Messi leads Argentina past Netherlands in World Cup thriller
Messi scored, won man of the match and survived a 17-card quarter-final, then carried Argentina to its third World Cup title and his first.

Lionel Messi was still the name that mattered most, even with Kylian Mbappe and Erling Haaland shining on the world stage. In a World Cup built around a changing of the guard, Messi controlled the narrative again, dragging Argentina through one of the tournament’s most volatile nights and into a run that ended with the trophy in his hands.
Argentina’s quarter-final against the Netherlands on December 9, 2022, in Lusail, Qatar, finished 2-2 after extra time and 4-3 on penalties, with Messi scoring once and taking man of the match honors. It was a game defined by pressure and disorder as much as skill: 17 yellow cards were shown, a World Cup record for a single match. Messi later criticised referee Antonio Mateu Lahoz, underscoring just how combustible the contest had become.

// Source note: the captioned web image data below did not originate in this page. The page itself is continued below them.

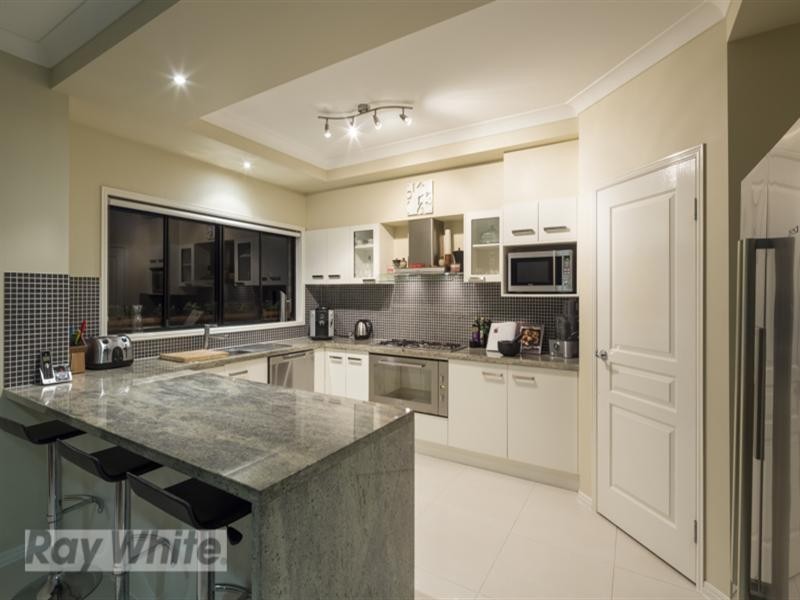 16 Settlers Circuit, Mount Cotton QLD 4165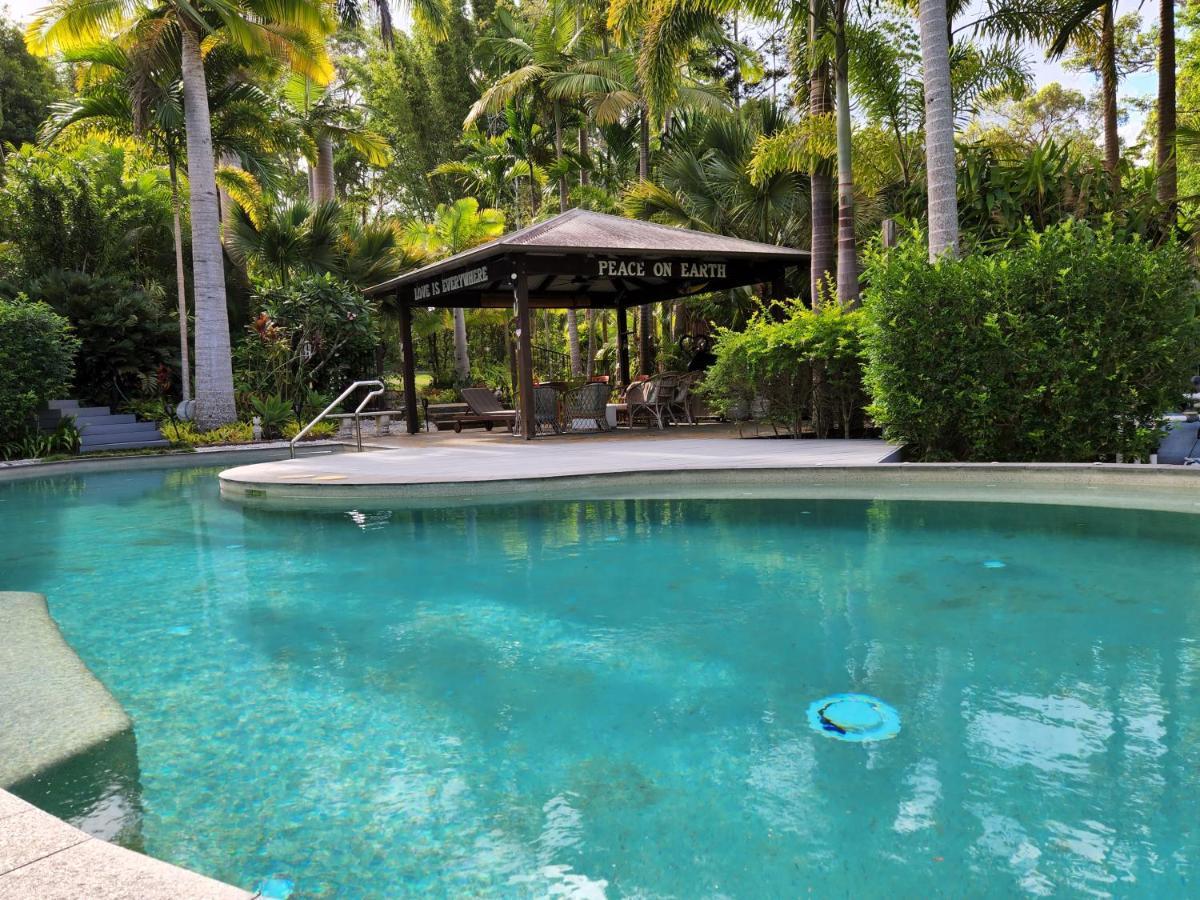 Clearwater estate Guest House Doonan Exterior foto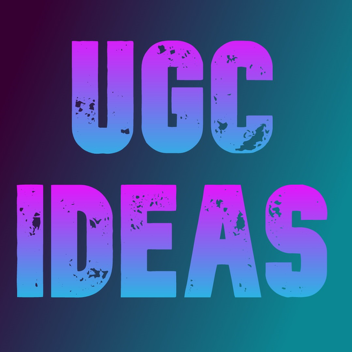 UGC IDEAS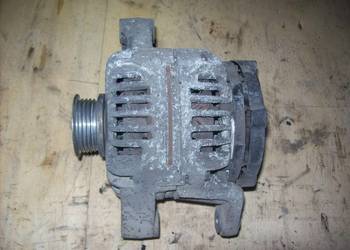 Astra II 1.4 1.6 1.8 Alternator 100A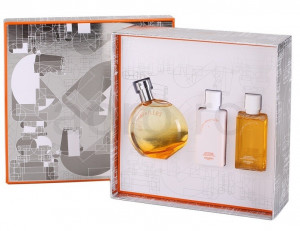 Set Cadou Hermes Eau des Merveilles - Img 3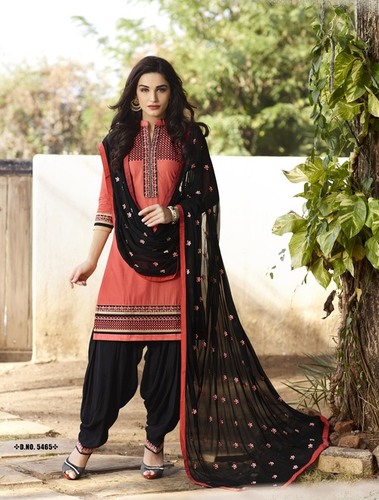 Patiala Suits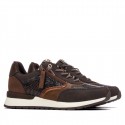 Zapato de mujer REFRESH 176109 Marron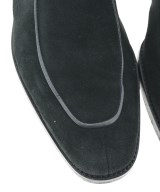 HIROSHI TSUBOUCHI（ヒロシ　ツボウチ）ブーツ 黒 サイズ:UK8(26.5cm位) メンズ/2200647049105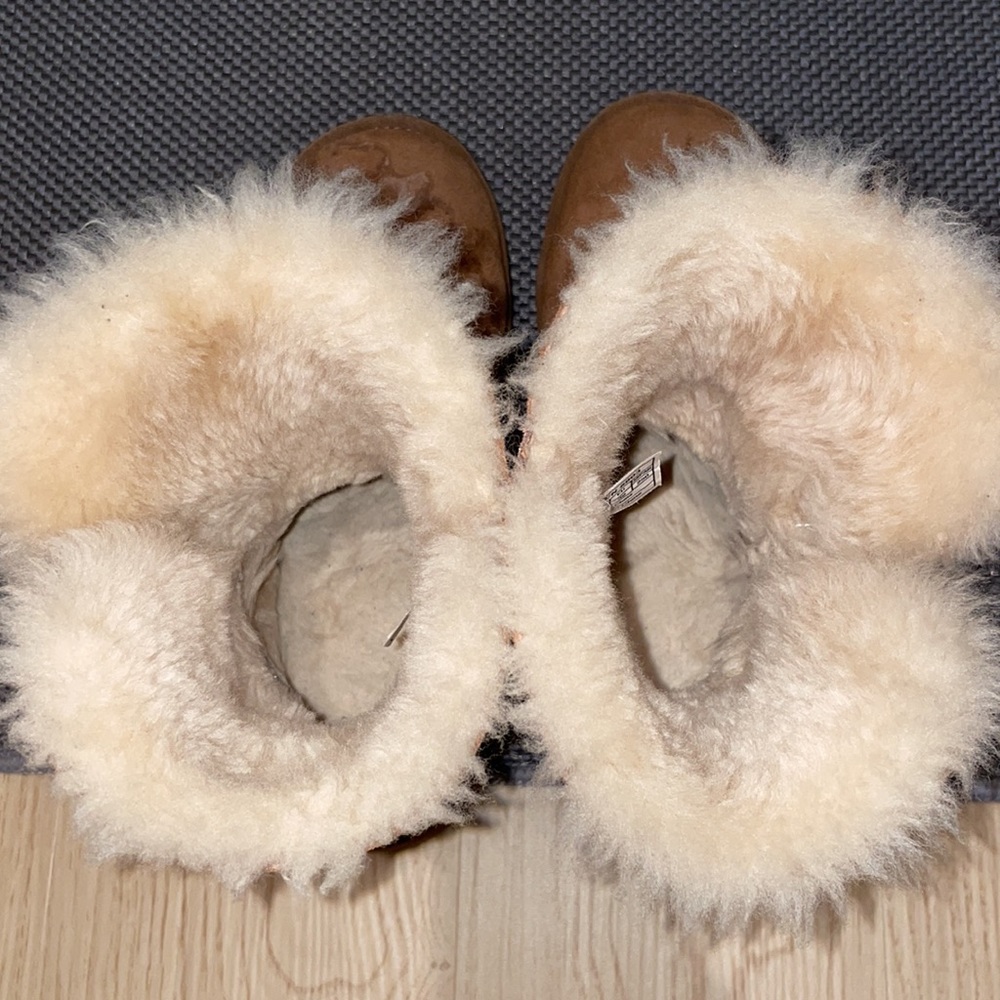Ugg Bailey Button Boots - image 7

That result mattered beyond the score line. It kept Argentina’s pursuit of a third men’s World Cup title alive and showed that, even in a tournament crowded with elite young forwards, Messi remained the player most capable of bending the biggest stage to his will. The Netherlands match was not just a wild quarter-final; it was a signature Messi performance, one that combined execution, emotion and control when the margin for error was gone.

He carried that momentum all the way to the final on December 18, 2022, where Argentina and France played out another 3-3 thriller before Argentina won 4-2 on penalties at Lusail Stadium. The victory gave Messi the one major trophy that had eluded him and secured Argentina’s third men’s World Cup title, following triumphs in 1978 and 1986. Messi also set the record for the most FIFA World Cup appearances by any player, reaching 26 matches and passing Germany’s Lothar Matthäus.

The scale of the final only sharpened the moment. With a reported 1.5 billion viewers watching on television worldwide, Messi’s run was not just a personal payoff but a global sporting event that reinforced his place in the game’s history. Mbappe and Haaland may have represented the future, but in Qatar, Messi still defined the present, and in the process helped define the tournament itself.